Why does the .clif test fail on aarch64 but not x86_64 when both represent the same logic?

Because the same Cranelift IR can be legalized and lowered differently per backend. If one target mishandles SIMD lane operations, return-value ABI assignment, or scalar extraction, the machine code result diverges even though the high-level logic is identical.

How do I know whether this is a Cranelift bug or an invalid test?

First verify that every observed value is fully defined in the IR and that the handwritten .clif is truly equivalent to the Wasm-generated CLIF. If the interpreter and Wasm agree but one native backend does not, that is strong evidence of a Cranelift backend bug.

What is the best permanent fix for this class of issue?

The best fix is a combination of backend patching and regression coverage: repair the incorrect legalization or ABI lowering rule, then add minimized tests covering both the direct .clif path and the equivalent Wasm path across the affected architectures.

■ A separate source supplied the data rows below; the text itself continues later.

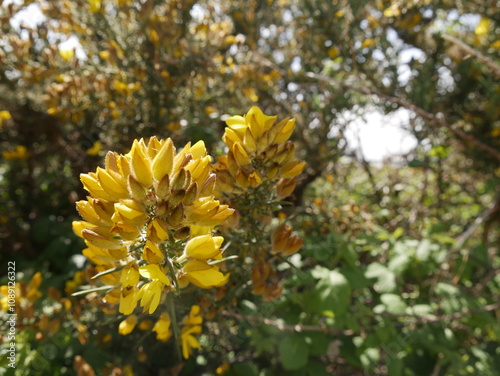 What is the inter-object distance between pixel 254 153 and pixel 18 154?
219cm

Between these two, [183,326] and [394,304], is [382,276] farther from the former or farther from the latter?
[183,326]

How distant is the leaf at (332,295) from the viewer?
1.43 m

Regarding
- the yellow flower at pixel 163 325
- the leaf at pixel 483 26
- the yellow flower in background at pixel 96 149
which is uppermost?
the leaf at pixel 483 26

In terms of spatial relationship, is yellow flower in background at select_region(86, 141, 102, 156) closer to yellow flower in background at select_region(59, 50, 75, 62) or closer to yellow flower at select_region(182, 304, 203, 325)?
yellow flower in background at select_region(59, 50, 75, 62)

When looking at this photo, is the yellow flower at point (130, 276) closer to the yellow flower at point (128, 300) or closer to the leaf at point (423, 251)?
the yellow flower at point (128, 300)

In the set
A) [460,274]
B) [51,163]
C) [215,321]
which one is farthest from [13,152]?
[460,274]

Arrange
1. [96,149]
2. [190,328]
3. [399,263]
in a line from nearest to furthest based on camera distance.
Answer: [190,328] → [399,263] → [96,149]

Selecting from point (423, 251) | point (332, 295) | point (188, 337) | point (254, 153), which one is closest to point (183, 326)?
point (188, 337)

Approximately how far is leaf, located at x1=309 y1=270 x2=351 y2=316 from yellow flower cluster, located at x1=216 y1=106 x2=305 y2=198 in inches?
29.1

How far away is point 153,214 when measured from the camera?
2.29 ft

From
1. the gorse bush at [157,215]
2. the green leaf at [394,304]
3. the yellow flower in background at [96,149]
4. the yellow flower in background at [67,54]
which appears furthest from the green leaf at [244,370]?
the yellow flower in background at [67,54]

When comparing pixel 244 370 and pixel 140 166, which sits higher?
pixel 140 166

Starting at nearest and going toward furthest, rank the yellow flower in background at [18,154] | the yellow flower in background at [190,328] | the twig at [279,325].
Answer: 1. the yellow flower in background at [190,328]
2. the twig at [279,325]
3. the yellow flower in background at [18,154]

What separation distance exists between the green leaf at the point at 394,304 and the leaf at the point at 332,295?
243 mm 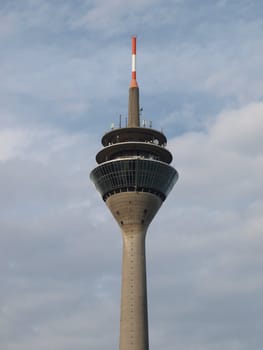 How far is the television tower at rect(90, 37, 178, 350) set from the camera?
12275cm

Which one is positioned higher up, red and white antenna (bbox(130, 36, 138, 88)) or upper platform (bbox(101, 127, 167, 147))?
red and white antenna (bbox(130, 36, 138, 88))

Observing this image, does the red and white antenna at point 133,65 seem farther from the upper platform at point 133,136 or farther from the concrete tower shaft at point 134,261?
the concrete tower shaft at point 134,261

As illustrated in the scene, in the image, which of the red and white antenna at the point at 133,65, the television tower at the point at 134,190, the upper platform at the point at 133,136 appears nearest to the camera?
the television tower at the point at 134,190

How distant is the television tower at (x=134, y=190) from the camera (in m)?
123

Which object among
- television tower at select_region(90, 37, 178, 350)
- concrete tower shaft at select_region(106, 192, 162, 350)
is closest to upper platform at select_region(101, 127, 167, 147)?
television tower at select_region(90, 37, 178, 350)

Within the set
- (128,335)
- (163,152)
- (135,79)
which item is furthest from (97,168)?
(128,335)

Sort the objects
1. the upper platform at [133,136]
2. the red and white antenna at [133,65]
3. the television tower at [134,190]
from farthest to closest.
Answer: the red and white antenna at [133,65]
the upper platform at [133,136]
the television tower at [134,190]

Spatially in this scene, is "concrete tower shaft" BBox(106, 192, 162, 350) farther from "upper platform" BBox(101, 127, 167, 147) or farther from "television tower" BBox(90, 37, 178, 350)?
"upper platform" BBox(101, 127, 167, 147)

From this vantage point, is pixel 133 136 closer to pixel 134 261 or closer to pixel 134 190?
pixel 134 190

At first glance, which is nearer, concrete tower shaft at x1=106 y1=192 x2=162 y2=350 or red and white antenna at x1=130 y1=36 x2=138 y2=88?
concrete tower shaft at x1=106 y1=192 x2=162 y2=350

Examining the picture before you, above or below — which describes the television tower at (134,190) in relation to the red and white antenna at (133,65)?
below

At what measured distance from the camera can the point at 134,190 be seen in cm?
13112

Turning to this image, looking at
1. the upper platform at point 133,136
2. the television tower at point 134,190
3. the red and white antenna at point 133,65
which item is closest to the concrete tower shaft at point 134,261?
the television tower at point 134,190

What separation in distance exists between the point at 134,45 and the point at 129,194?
34.3 meters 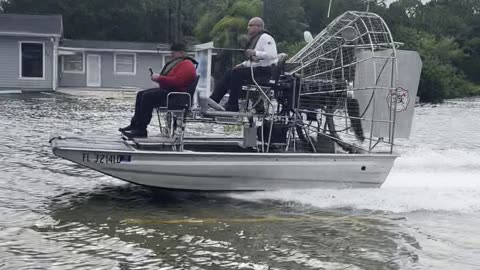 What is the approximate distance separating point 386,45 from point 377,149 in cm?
171

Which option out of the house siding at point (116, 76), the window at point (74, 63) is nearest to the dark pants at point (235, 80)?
the house siding at point (116, 76)

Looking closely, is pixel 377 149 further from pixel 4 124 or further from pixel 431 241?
pixel 4 124

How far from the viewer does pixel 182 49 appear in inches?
387

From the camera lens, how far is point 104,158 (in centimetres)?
863

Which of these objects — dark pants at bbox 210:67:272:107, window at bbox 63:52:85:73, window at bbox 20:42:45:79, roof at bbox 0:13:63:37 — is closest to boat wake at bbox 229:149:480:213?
dark pants at bbox 210:67:272:107

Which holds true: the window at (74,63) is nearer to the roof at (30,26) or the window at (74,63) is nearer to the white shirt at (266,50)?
the roof at (30,26)

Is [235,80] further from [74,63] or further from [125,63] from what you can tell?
[74,63]

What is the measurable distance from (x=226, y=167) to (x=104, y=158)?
172cm

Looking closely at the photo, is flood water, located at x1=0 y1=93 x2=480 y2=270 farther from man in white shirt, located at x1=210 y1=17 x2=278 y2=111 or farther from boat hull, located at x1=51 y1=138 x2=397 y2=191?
man in white shirt, located at x1=210 y1=17 x2=278 y2=111

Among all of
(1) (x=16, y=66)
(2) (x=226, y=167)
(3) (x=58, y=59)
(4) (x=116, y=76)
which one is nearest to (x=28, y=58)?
(1) (x=16, y=66)

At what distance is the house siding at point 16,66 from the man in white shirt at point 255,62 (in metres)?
27.7

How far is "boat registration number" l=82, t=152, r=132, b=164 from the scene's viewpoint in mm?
8570

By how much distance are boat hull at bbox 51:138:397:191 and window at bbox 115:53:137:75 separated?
31.4 m

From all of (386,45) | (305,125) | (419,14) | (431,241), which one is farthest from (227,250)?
(419,14) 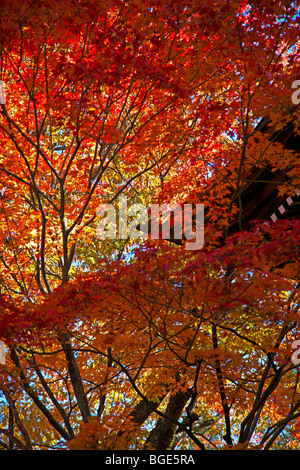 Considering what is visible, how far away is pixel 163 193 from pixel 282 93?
12.4 ft

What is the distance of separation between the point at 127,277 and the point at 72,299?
0.74 metres

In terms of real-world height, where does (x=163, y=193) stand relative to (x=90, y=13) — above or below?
below

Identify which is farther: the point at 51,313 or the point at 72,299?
the point at 72,299

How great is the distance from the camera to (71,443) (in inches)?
172

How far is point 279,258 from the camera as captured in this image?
4719 millimetres

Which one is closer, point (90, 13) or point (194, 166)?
point (90, 13)

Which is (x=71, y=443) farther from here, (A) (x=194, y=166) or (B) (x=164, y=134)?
(A) (x=194, y=166)

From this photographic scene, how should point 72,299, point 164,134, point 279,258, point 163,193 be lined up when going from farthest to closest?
point 163,193 < point 164,134 < point 72,299 < point 279,258

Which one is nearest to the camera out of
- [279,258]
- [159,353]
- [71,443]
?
[71,443]

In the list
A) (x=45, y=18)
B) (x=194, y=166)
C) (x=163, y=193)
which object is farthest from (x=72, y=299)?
(x=194, y=166)

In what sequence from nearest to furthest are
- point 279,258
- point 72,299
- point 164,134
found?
→ point 279,258, point 72,299, point 164,134

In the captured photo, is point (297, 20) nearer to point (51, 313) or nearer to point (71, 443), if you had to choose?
point (51, 313) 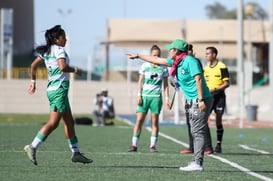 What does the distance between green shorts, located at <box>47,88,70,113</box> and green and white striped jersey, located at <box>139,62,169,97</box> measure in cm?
444

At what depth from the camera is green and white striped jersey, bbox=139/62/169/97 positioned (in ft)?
56.0

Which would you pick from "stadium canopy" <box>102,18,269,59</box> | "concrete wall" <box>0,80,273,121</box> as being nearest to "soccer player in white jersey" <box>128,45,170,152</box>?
"concrete wall" <box>0,80,273,121</box>

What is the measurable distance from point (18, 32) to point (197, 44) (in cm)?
1252

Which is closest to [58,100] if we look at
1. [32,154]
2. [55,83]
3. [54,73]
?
[55,83]

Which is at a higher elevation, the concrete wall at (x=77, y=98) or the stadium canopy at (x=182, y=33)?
the stadium canopy at (x=182, y=33)

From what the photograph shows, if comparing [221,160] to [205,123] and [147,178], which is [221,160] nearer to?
[205,123]

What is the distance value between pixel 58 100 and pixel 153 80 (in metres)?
4.61

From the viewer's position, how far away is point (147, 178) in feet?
36.9

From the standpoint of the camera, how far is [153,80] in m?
17.1

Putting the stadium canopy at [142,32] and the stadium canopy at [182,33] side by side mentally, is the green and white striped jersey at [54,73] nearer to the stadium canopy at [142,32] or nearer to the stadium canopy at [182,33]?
the stadium canopy at [182,33]

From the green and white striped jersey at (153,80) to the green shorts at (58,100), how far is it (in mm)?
4443

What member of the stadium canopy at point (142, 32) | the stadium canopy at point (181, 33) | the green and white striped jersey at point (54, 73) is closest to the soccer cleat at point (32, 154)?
the green and white striped jersey at point (54, 73)

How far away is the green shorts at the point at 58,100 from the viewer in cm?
1268

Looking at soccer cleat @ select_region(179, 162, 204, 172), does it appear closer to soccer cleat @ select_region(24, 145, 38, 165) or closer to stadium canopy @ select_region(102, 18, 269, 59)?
soccer cleat @ select_region(24, 145, 38, 165) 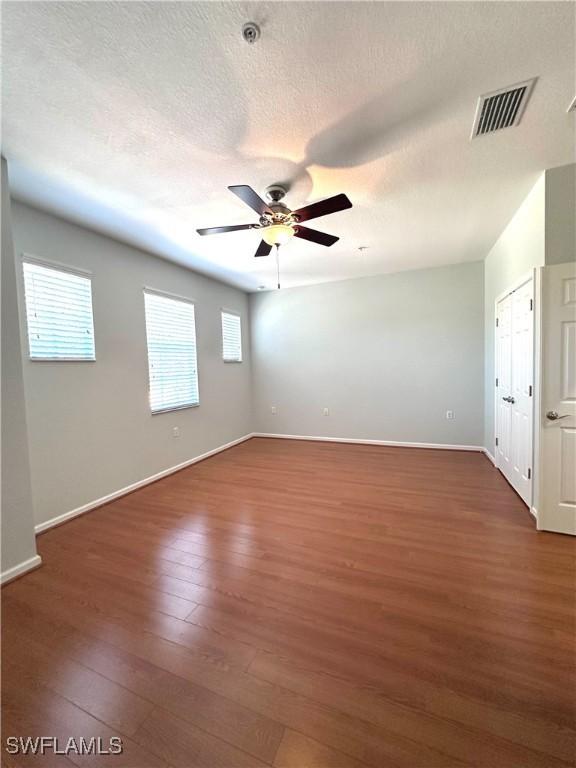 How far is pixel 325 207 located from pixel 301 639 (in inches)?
102

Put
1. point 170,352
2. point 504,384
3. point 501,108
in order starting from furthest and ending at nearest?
point 170,352
point 504,384
point 501,108

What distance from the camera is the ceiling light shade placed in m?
2.28

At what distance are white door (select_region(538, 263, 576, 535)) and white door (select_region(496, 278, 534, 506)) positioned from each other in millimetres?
207

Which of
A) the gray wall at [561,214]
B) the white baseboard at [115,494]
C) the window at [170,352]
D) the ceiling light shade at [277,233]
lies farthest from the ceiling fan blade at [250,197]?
the white baseboard at [115,494]

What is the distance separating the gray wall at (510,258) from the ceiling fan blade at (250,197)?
2175 millimetres

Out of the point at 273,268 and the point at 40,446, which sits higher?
the point at 273,268

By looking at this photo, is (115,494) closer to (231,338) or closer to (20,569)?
(20,569)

In short, solve this issue by treating it as a semantic equivalence audit: reduce the test, compare handwritten and translated CLIF, isolate whether the break begins in interpretation or lowering, patch the architecture-specific rule, and lock it down with regression tests. That workflow consistently resolves Cranelift cross-architecture mismatches involving SIMD, multi-value returns, and backend-specific execution differences.